» Your goal
Find every line below that contains the word "from" and copy it out.

####

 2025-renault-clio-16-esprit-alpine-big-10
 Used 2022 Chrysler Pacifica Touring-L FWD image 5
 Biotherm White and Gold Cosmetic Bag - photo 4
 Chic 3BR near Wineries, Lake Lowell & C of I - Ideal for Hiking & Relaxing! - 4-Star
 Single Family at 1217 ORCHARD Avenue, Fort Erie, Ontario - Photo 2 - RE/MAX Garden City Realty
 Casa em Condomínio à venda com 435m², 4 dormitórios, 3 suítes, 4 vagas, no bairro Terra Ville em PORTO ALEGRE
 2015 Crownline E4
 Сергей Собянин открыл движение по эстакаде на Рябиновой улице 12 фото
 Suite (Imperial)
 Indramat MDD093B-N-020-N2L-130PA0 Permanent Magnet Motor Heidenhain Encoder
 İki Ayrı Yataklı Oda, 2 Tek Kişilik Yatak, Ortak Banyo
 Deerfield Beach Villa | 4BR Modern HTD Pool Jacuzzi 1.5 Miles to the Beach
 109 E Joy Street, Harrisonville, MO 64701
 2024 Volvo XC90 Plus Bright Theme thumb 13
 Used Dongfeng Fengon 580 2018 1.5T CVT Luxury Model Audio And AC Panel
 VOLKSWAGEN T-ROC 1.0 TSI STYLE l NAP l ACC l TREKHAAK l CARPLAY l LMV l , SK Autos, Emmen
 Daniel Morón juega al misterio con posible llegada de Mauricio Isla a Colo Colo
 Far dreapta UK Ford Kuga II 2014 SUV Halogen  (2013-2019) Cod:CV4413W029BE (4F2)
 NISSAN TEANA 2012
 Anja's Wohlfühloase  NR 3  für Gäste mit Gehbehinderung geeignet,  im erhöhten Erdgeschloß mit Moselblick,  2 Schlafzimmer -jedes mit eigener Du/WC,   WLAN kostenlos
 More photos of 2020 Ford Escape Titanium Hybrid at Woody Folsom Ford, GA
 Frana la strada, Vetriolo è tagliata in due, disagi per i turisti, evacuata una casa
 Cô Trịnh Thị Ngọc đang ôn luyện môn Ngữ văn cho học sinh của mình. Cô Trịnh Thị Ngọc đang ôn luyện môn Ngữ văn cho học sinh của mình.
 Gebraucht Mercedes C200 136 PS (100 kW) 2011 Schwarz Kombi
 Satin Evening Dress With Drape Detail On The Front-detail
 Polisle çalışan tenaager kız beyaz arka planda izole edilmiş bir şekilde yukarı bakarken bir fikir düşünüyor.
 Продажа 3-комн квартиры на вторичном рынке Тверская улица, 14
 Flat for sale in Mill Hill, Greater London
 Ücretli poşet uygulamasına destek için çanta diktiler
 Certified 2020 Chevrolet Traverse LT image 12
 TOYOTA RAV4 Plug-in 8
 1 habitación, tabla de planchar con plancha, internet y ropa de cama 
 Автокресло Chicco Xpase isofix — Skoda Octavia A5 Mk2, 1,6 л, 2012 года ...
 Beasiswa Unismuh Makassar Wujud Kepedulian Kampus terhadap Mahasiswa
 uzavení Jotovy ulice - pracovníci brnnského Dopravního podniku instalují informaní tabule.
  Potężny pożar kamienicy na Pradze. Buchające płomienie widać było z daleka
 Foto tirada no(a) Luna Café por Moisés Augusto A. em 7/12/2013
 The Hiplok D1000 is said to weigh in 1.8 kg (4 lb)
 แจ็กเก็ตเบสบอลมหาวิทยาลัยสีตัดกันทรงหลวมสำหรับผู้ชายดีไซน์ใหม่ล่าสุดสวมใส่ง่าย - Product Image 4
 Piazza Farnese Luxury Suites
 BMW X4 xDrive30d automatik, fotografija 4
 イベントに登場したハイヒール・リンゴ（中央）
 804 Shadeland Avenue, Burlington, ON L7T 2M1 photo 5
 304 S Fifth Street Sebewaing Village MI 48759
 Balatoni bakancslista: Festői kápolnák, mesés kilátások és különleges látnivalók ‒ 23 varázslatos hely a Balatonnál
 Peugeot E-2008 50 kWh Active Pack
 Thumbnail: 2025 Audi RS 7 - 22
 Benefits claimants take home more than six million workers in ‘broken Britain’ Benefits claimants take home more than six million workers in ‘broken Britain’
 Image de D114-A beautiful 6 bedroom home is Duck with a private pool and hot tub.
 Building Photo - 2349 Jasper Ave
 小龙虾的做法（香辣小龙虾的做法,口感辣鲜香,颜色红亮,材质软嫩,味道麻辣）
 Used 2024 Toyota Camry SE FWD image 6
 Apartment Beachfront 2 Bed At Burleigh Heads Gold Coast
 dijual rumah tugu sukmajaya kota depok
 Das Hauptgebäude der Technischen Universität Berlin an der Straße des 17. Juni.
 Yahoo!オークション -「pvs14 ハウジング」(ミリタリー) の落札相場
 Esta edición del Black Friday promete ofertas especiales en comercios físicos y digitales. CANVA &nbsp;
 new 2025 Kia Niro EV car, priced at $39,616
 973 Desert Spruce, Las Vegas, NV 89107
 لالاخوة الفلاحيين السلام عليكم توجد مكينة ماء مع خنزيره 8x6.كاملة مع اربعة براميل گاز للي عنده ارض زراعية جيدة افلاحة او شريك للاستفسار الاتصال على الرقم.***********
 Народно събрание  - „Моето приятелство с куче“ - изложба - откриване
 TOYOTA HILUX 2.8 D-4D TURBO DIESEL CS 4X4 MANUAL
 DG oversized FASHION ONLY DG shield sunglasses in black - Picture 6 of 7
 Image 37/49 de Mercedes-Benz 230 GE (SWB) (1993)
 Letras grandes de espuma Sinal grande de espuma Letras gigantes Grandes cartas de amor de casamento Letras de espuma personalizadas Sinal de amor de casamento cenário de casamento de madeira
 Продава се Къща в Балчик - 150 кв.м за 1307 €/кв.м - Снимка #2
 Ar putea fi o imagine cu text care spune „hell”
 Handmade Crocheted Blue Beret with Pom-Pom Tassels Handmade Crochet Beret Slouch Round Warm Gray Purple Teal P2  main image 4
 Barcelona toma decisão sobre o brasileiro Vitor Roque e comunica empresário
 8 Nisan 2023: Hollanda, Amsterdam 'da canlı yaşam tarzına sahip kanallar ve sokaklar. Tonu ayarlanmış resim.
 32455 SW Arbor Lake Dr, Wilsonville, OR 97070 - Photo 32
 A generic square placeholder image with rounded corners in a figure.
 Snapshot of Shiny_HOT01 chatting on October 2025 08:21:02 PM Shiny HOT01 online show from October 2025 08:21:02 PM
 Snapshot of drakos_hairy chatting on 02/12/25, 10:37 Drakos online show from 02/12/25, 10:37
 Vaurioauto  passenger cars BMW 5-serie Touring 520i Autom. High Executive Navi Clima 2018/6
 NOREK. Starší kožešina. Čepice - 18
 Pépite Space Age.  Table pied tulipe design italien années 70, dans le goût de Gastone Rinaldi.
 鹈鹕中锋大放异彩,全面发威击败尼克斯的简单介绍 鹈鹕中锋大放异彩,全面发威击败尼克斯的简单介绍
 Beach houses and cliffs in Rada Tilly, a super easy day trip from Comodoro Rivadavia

####

» Response to this task
 Snapshot of Shiny_HOT01 chatting on October 2025 08:21:02 PM Shiny HOT01 online show from October 2025 08:21:02 PM
 Snapshot of drakos_hairy chatting on 02/12/25, 10:37 Drakos online show from 02/12/25, 10:37
 Beach houses and cliffs in Rada Tilly, a super easy day trip from Comodoro Rivadavia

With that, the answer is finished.